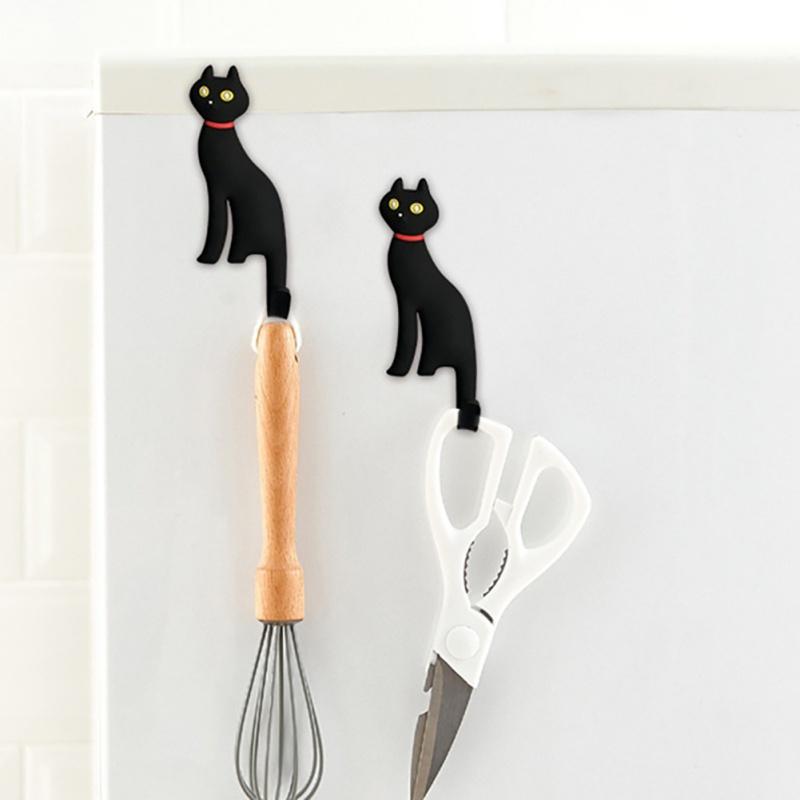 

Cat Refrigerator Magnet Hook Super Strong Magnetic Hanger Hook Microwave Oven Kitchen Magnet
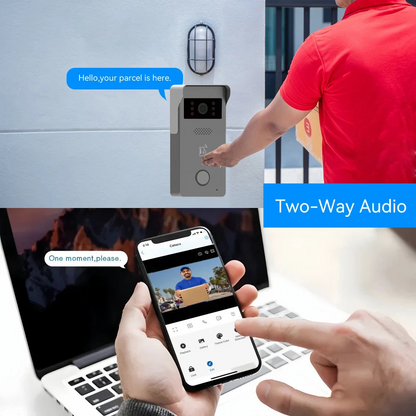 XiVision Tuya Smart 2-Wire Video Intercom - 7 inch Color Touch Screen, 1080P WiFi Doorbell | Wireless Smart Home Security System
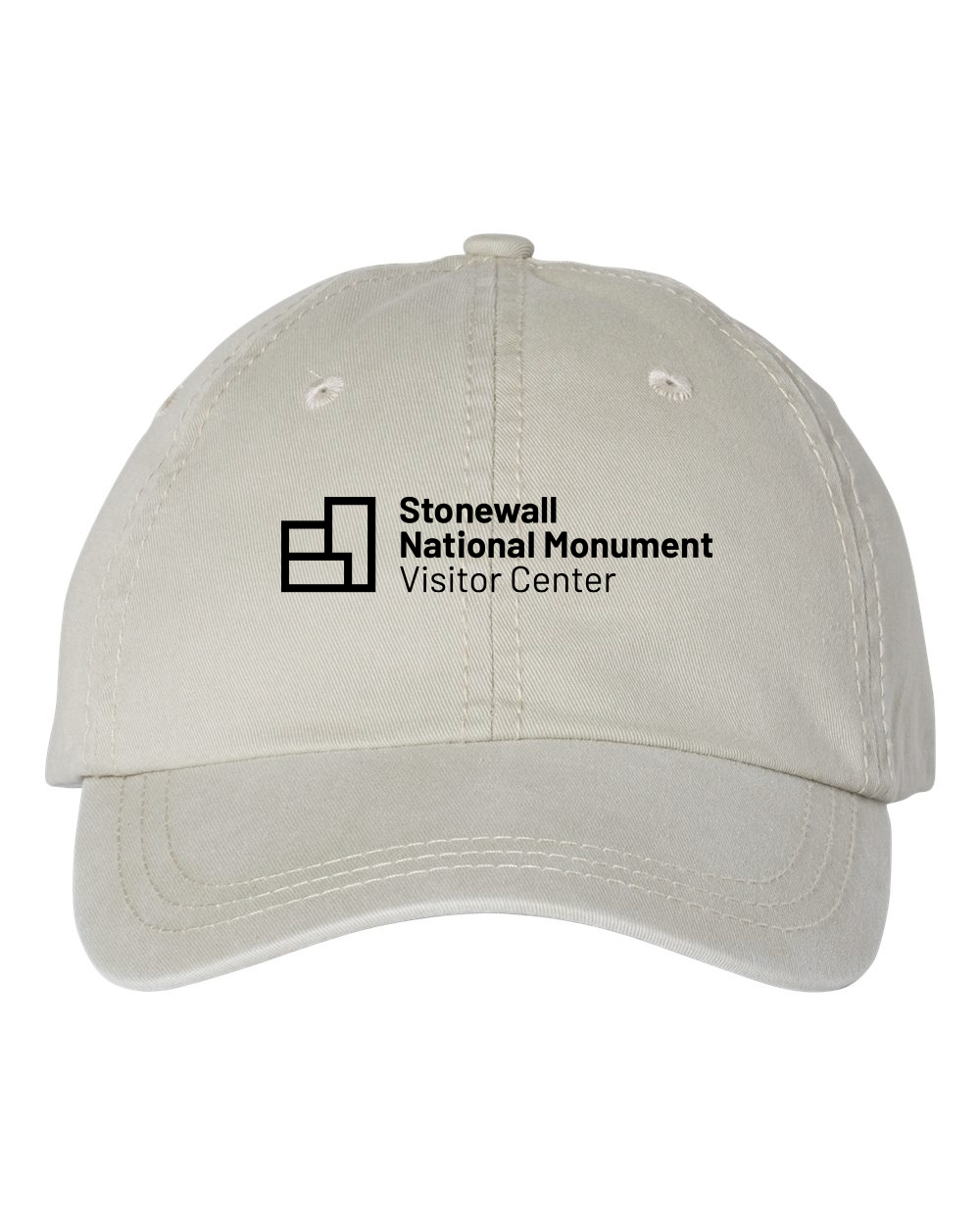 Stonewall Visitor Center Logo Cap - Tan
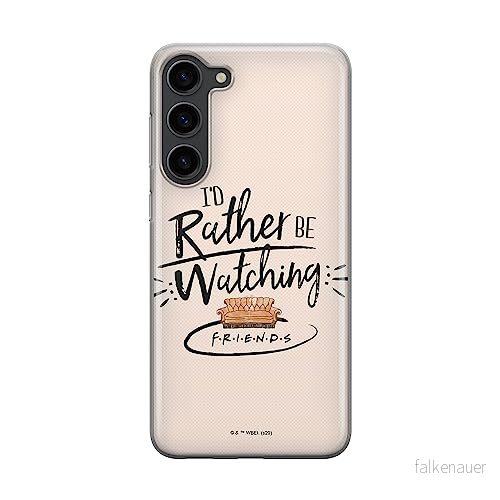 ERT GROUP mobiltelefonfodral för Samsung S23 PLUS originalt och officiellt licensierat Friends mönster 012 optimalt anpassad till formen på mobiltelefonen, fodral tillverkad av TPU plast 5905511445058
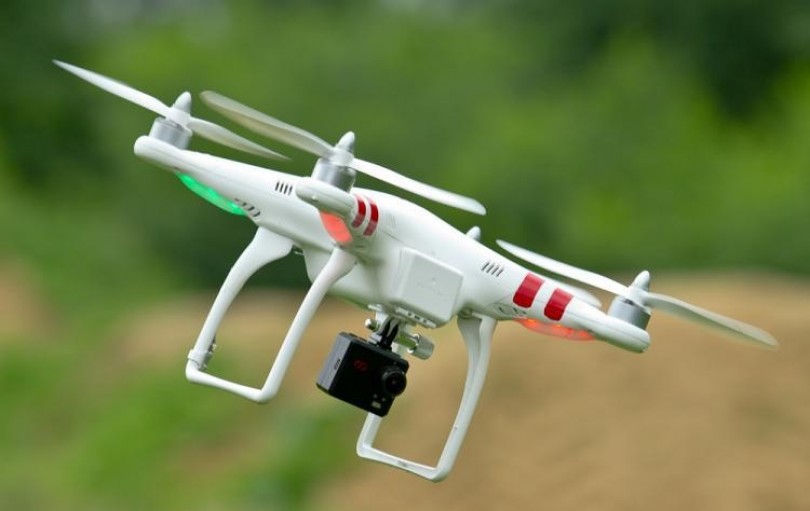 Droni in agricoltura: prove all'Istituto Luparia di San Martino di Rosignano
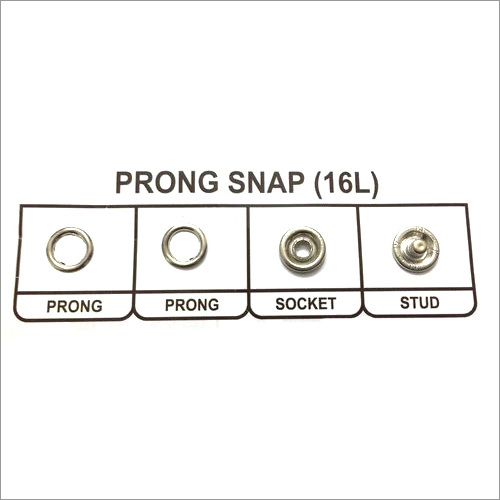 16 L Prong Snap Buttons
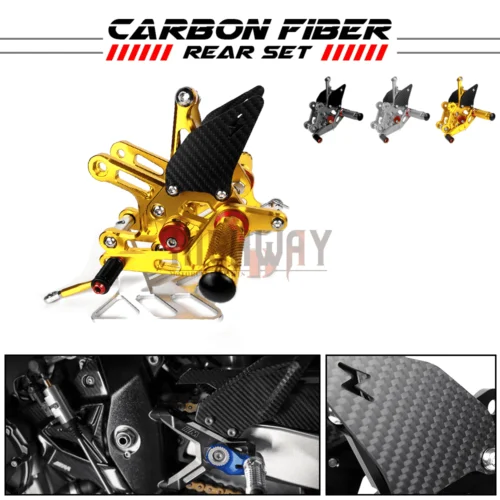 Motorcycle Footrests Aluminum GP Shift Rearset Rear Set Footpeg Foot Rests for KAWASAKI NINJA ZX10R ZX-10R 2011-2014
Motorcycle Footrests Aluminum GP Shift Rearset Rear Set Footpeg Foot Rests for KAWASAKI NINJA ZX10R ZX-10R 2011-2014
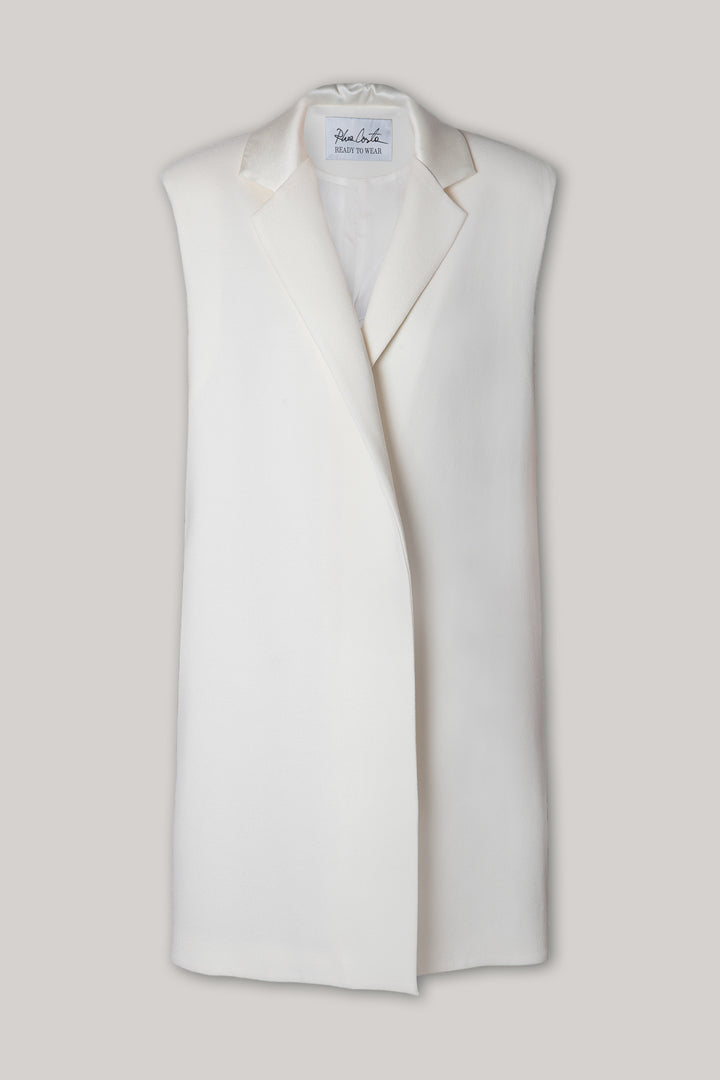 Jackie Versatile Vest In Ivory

- - - -

WHAT TO PRODUCE: Omit the pictures and copy the records above exactly.

YOUR RESPONSE:
Cat Refrigerator Magnet Hook Super Strong Magnetic Hanger Hook Microwave Oven Kitchen Magnet
 XiVision Tuya Smart 2-Wire Video Intercom - 7 inch Color Touch Screen, 1080P WiFi Doorbell | Wireless Smart Home Security System
 Stonewall Visitor Center Logo Cap - Tan
 ERT GROUP mobiltelefonfodral för Samsung S23 PLUS originalt och officiellt licensierat Friends mönster 012 optimalt anpassad till formen på mobiltelefonen, fodral tillverkad av TPU plast 5905511445058
 Droni in agricoltura: prove all'Istituto Luparia di San Martino di Rosignano
 16 L Prong Snap Buttons
 Motorcycle Footrests Aluminum GP Shift Rearset Rear Set Footpeg Foot Rests for KAWASAKI NINJA ZX10R ZX-10R 2011-2014
Motorcycle Footrests Aluminum GP Shift Rearset Rear Set Footpeg Foot Rests for KAWASAKI NINJA ZX10R ZX-10R 2011-2014
 Jackie Versatile Vest In Ivory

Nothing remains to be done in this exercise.